==== RECORDS

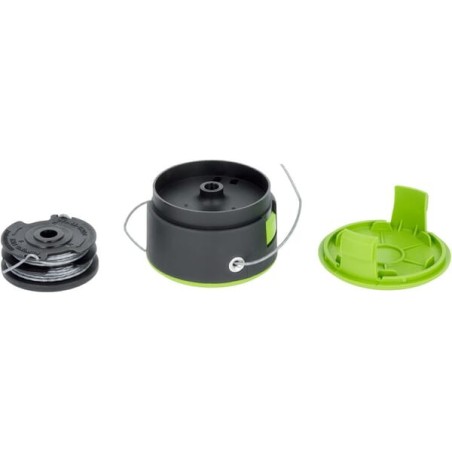 Greenworks40V Trimmerkopf - RA311051426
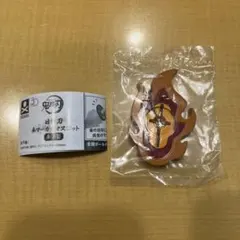 鬼滅の刃 日輪刀 傘マーカーマスコット 煉獄杏寿郎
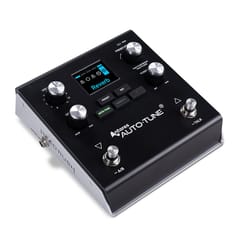 HeadRush VX5 Vocal Processing Pedal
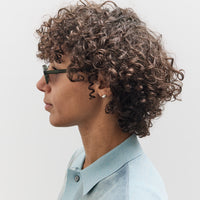 Illesteva Munich Sunglasses, Pine/Grey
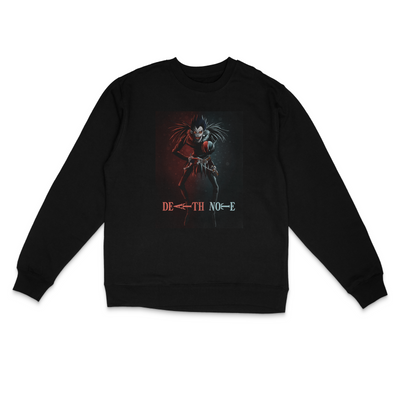 Ryuk's Offer Sweatshirt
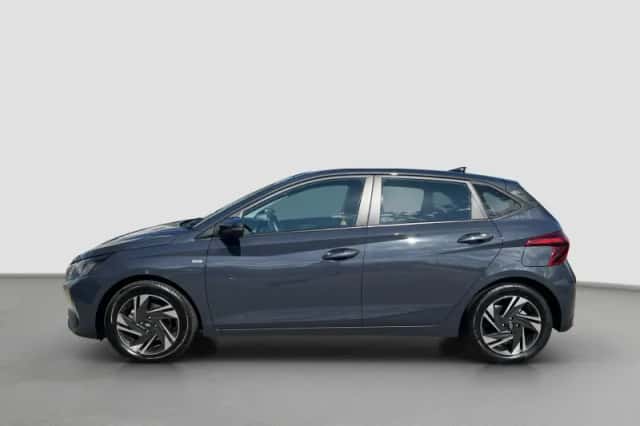 Hyundai i20 (2021) thumbnail 3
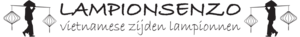 Logo Zijden lampionnen kopen – handgemaakt uit Vietnam | Lampionsenzo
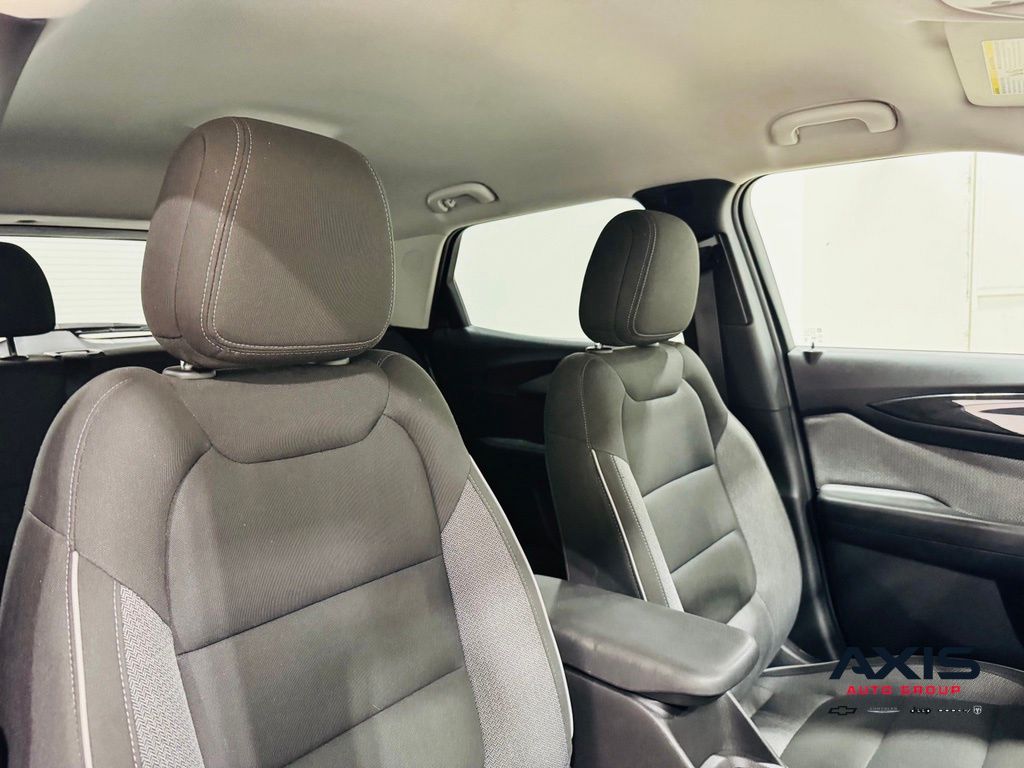 2026 Chevrolet Trailblazer LT - Photo 29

========

WHAT TO WORK ON -
Leave out the pictures, and retype exactly the lines from the one containing "Ryuk's Offer Sweatshirt" through the last line of the data above, no more and no less.

EXERCISE OUTPUT -
 Ryuk's Offer Sweatshirt
 Hyundai i20 (2021) thumbnail 3
 Logo Zijden lampionnen kopen – handgemaakt uit Vietnam | Lampionsenzo
 2026 Chevrolet Trailblazer LT - Photo 29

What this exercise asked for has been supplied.